We have all heard the legendary story of how Lana Turner was "discovered" as a young starlet by a casting director as the actress sat on a bar stool at the soda fountain in Schwabs Drugstore during the late 1930s. Even today, there's not a budding young ingenue alive in Hollywood that doesn't have similar aspirations. No doubt a number of them have even tried the bar stool routine in drugstores and elsewhere, with varying degrees of success. Artists too, have such dreams of being discovered, though bar stools, in drugstores at least, are not particularly promising along this line. They set up on street corners near museums; or wear thin their shoe leather pounding the pavement from gallery to gallery, portfolio in hand; or fill out volumes of paperwork to enter juried art shows with similar thoughts in mind. Sometimes it works, usually it doesn't, and the artists lives his life being known as, at best, a "regional favorite."

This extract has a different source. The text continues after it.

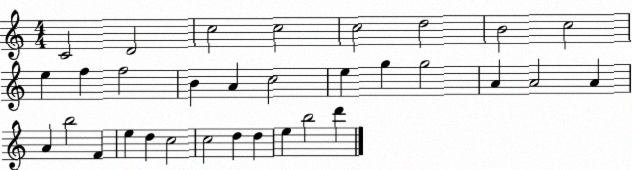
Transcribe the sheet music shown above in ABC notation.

In 1950, one such brash young artists hit the big time. His dream came true at a showing at the Betty Parson's Gallery in Manhattan. He was an "instant success" though in fact, he'd been working hard at attaining such acclaim for some twenty years; and though plenty brash, he was actually not all that young. He was 38, in fact. He was an Abstract Expressionist, struggling along with a dozen or so other New York artists to break through the barriers to success in a which style which even the critics were still debating regarding its legitimacy. For the most part, the public neither understood nor liked his work. Although part of a group referred to as "action painters," this man had a further peculiarity. He didn't use BRUSHES. He dripped his paint on the canvas. His name was Jackson Pollock.

Jackson Pollock did more than make a name for himself at that show. He made a name for the New York School. In his success, he took with him the entire movement. His work sold more rapidly than even HE could drip it, creating a demand for similar work by other artists, creating a shortage of such works, creating rising prices, which, in turn, created dozens of other Abstract Expressionists. They churned out work at an incredible rate, in a frenzy of paint slinging (literally) not seen before or since. Some of it was good. Some of it was GREAT, in fact, but most of it was mediocre at best, and some downright AWFUL. Yet it was all so new not one in a hundred buyers could tell the difference. Pollock's work brought astronomical prices for the time, as did the work of Clyfford Still, Barnett Newman, Mark Rothko and a few others far less memorable. Abstract Expressionism, like the artists finally reaping the reward for their persistence, had been around for a decade or more. It was no "flash in the pan" either. It totally dominated the art world in this country and around the world for the NEXT ten years. It's "sudden" success was frightening for the artists concerned. Some handled it better than others. Pollock handled it perhaps worst of all. He died in a high-speed drunk-driving accident in 1956 at the height of his creative powers. He was 44.